#### [EXERCISE DETAILS]
In the data below, begin at the line with "Milder | Chess Patterned Leather Phone Bag" and stop after the line with "Wireless Earbuds Headset"; output those lines exactly and no pictures.

#### [INPUT FOR THIS TASK]
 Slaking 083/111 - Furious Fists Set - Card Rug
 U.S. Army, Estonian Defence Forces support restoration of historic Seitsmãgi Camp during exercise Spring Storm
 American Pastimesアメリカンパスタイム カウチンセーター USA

* * *

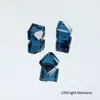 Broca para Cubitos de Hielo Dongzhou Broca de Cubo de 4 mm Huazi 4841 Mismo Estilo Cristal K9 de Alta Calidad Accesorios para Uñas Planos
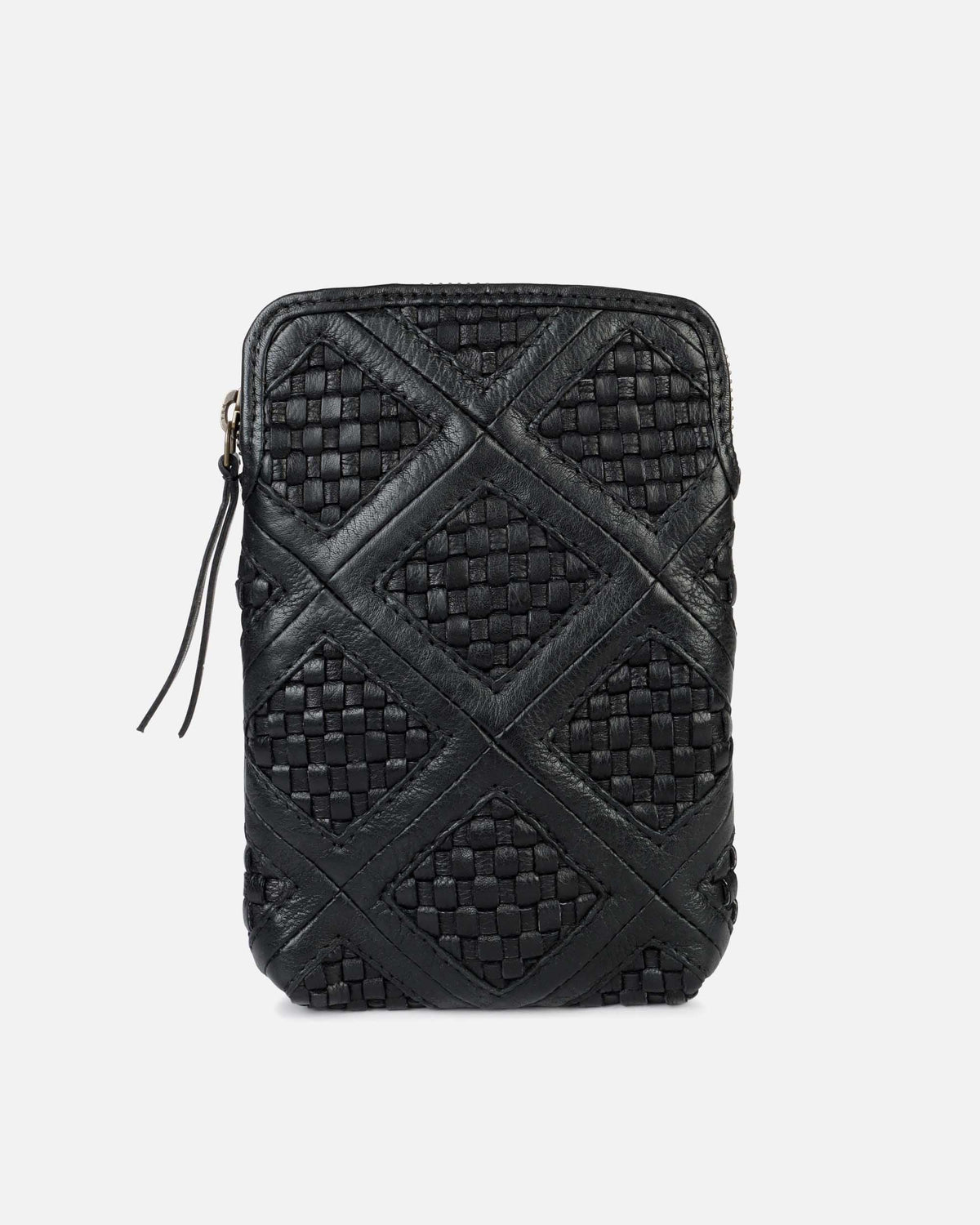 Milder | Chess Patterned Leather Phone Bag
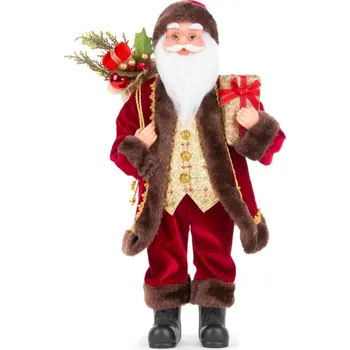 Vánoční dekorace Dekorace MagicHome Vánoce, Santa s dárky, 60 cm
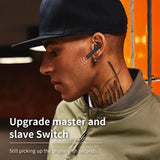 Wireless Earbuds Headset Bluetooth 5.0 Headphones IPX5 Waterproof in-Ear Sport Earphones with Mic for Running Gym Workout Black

--

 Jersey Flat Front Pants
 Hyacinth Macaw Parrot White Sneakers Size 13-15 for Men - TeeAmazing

#### [TASK SOLUTION]
 Milder | Chess Patterned Leather Phone Bag
 Vánoční dekorace Dekorace MagicHome Vánoce, Santa s dárky, 60 cm
 Wireless Earbuds Headset Bluetooth 5.0 Headphones IPX5 Waterproof in-Ear Sport Earphones with Mic for Running Gym Workout Black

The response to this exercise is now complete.